Het onderzoek 'Meertaligheid als Realiteit op School' (MARS) bracht via kwantitatief en kwalitatief onderzoek in kaart hoe meertalig taalgebruik, percepties daarover en onderwijsprestaties samenhangen. De studie toont aan dat meertaligheid op school een complexe realiteit is, die verschillend wordt bekeken door leerlingen, leerkrachten en schoolleiders. Meertalige leerlingen schakelen vlot tussen verschillende talen, waardoor het onderscheid tussen thuistaal en schooltaal vervaagt.
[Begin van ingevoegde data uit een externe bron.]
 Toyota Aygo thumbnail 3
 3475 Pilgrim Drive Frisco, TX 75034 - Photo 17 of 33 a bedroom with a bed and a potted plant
Ze gebruiken vaker dan gedacht ook het Nederlands thuis, terwijl andere talen ook op school aanwezig zijn.
De schoolprestaties blijken niet eenvoudig te verklaren via klassieke factoren zoals het taalgebruik met de moeder of de hoeveelheid Nederlandstalige tv. Opvallend is dat het taalgebruik met de vader en de algemene leesvaardigheid betere voorspellers zijn. Daarnaast speelt motivatie een cruciale rol: als thuistalen positief benaderd worden, versterkt dat het welbevinden en zelfbeeld van leerlingen.
De onderzoekers pleiten voor een doorbraak in het debat tussen taalbaden en meertalig onderwijs, en stellen “functioneel veeltalig leren” voor als alternatief. Ze benadrukken ook het belang van ondersteuning voor leerkrachten, met concrete tools zoals een taalpaspoort om meertaligheid in de klas positief te benutten.